Retroplayer- Chris, you also played Cid again in Kingdom Hearts 2 and Final Fantasy VII: Dirge of Cerberus. As an actor, what about his character interests you?
Chris- Like i said before, he’s so cocky and no-nonsense that it’s a release getting to deliver his lines. The kind of guy you pretend to be when you’re playing as a kid.
Retroplayer- Would he be a character you’d be keen on playing again?
Retroplayer- Final Fantasy fans are quite a rabbid bunch, Chris. How have your interactions been with them and do you get a sense that in their eyes you did the voice of Cid justice seeing as his first appearence back in 1997 had no voice?

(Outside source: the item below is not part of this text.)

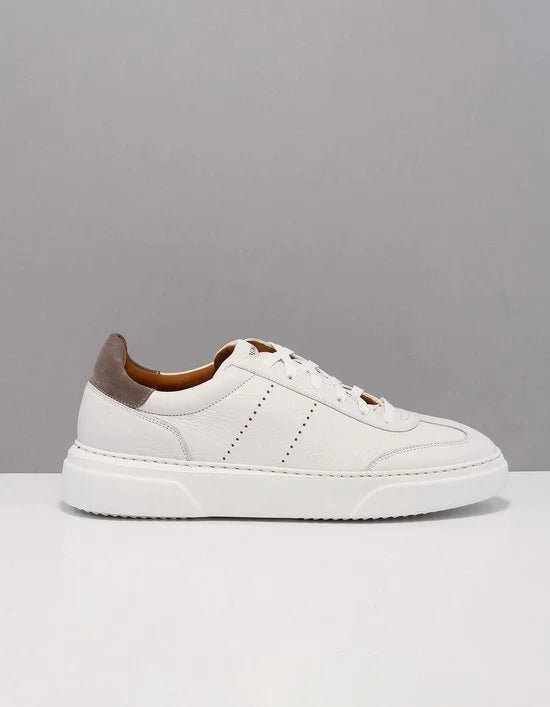 Magnanni 22444 sneakers heren wit  rugo blanco-tierra suede 41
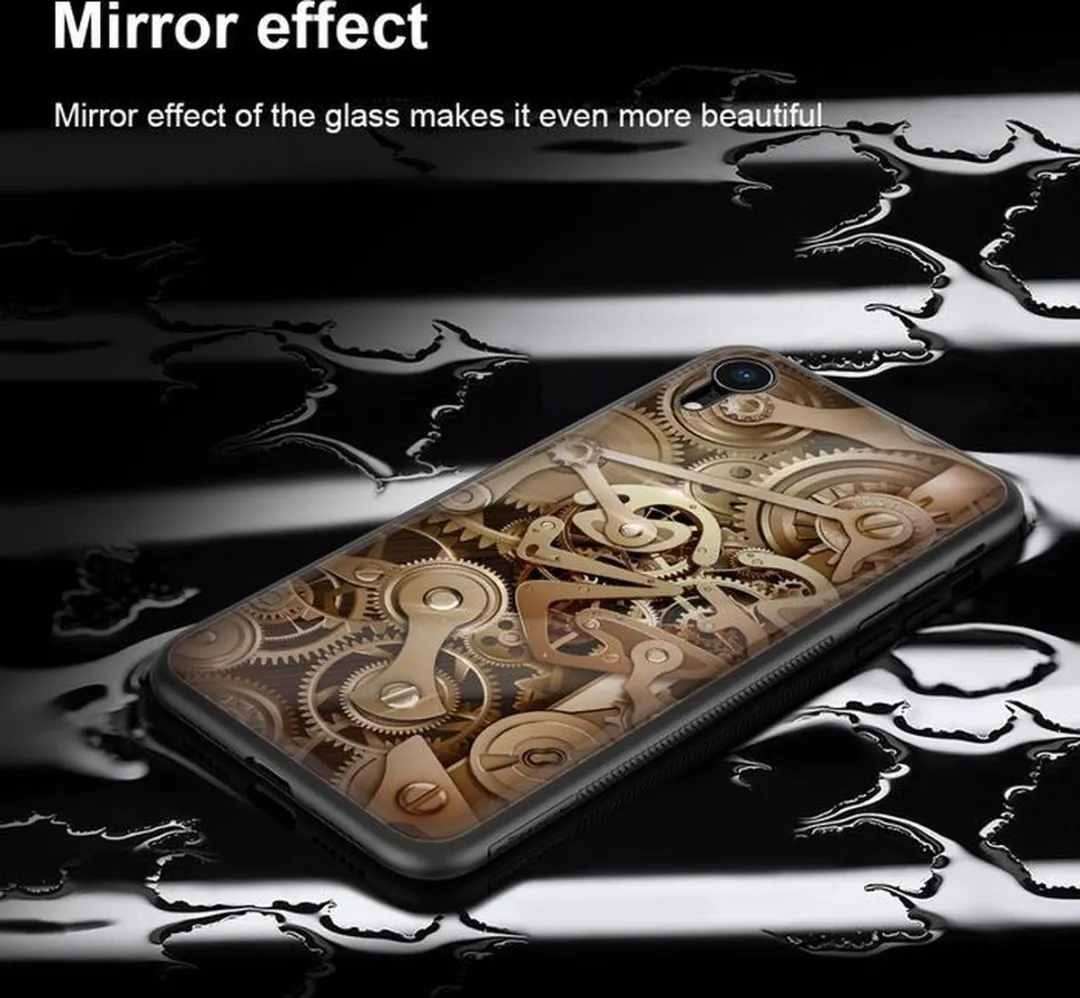 Nillkin Gear Glass Hard Case iPhone XR - Multicolor - afbeelding 4 van 6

Chris- I haven’t had any interaction with them, save for a fan letter/email now and again. Most of it is complimentary, but I noticed a message board or two when the English-speaking cast was announced years back, and I learned quickly that there will always be people you just cannot please. They have very strong ideas about these characters, and sometimes you just don’t measure up to them. And I don’t begrudge them their passion one bit. They have every right to decide if they like me or not, and say as much. They spend their time and money on these stories and it’s their passion that fuels much of the industry. So, as far as I’m concerned they’re welcome to voice their opinions. Provided they confine their opinions to my performance, of course.
Retroplayer- Chris, you’ve been in some rather cinematic franchises. In terms of storytelling and character development do you feel that videogames are beginning to rival TV and film?

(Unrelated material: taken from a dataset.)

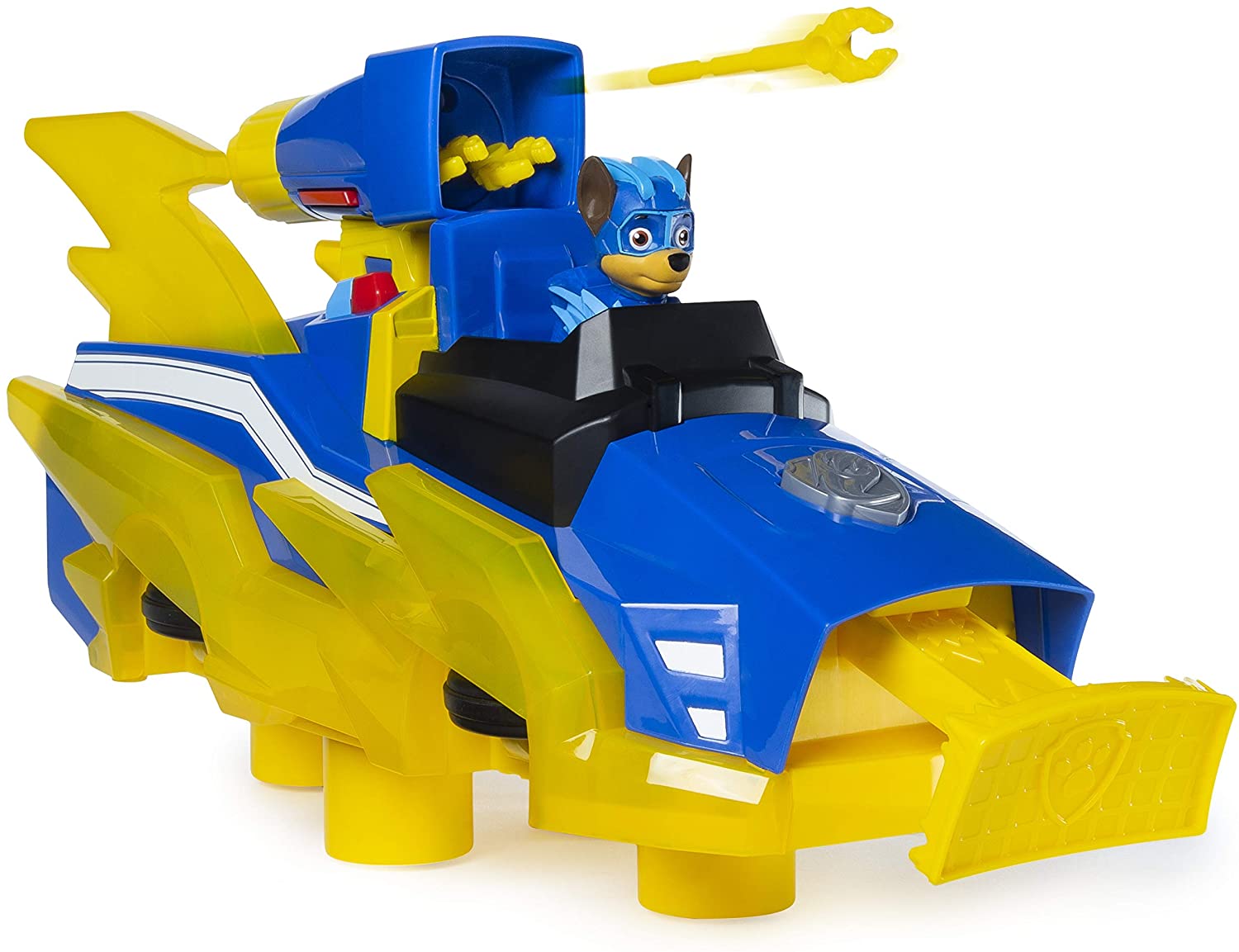 PAW Patrol Mighty Pups Charged Up Chase Transforming Deluxe Vehicle with Lights and Sounds, Multicoloured, 135 mm x 406 mm x 305 mm - Image 2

Chris- Certainly. Video game developers have said for years they want to create a cinematic, immersive experience with their games. They want to deliver a story and experience that is so powerful you can’t turn it off and they succeed often, I think. There’s still a ways to go, but it’s such a young industry compared to film. And they have the gamer for dozens of hours if they want to see a story to its conclusion, so they have so much opportunity to provide depth to a character. That’s something only movie franchises can do, and it takes them years.
Retroplayer- If you didn’t provide the voice for Cid, who from the rich Final Fantasy universe would you have liked to have portrayed instead and why?
Chris- So many choices. To be diplomatic, I’ll just say I’m glad to be Cid and leave it at that. Sorry to be cheeky.
Retroplayer- Are you a gamer yourself? If so, what do you play?
Chris- I do, but it’s all sports games with me. I’m your typical guy – love watching sports, playing them, and sitting down and playing them again on a TV screen and doing what I couldn’t do out on the field. Every now and then I’ll pick something story-driven, but they suck you in so effectively that I have to avoid them if I want to get anything else done.
Retroplayer- Chris, you’ve also worked extensively in animation voice overs, most notably on Harvey Birdman Attorney at Law , Drawn Together and The Simpsons. Do you approach voice work for animation the same way you would for games in terms of preparation and execution?
Chris- The difference with animation tends to be that you’re working on half-hour stories, as opposed to these epic ones in video games. The sessions will be a little less strenuous, usually, but a character is a character. Someone created them, wrote them and cares how they are portrayed. So, you have to try and be authentic and not cheat yourself or the audience, regardless of what you’re playing. But in video games, you also have to plow through about a hundred random lines for every conceivable scenario, so your focus is really challenged.
Retroplayer- This year will see the release of the 2011 version of Top Cat in which you’re voicing Benny. Tell us a little about the project and how you approached the character of Benny which was originally voiced by Maurice Gosfield in the 60s series.
Chris- Well, I looked at a bit of the old series and tried to match Benny as best I could. Not just his voice, of course, but his personality. He’s tirelessly loyal to Top Cat, and innocent as the day is long. You can get the voice but not the spirit of him, and it wouldn’t work. I hope I managed to do that. Funny thing is, I was only vaguely familiar with the show as a kid, but my wife grew up in Venezuela and watched it throughout her childhood.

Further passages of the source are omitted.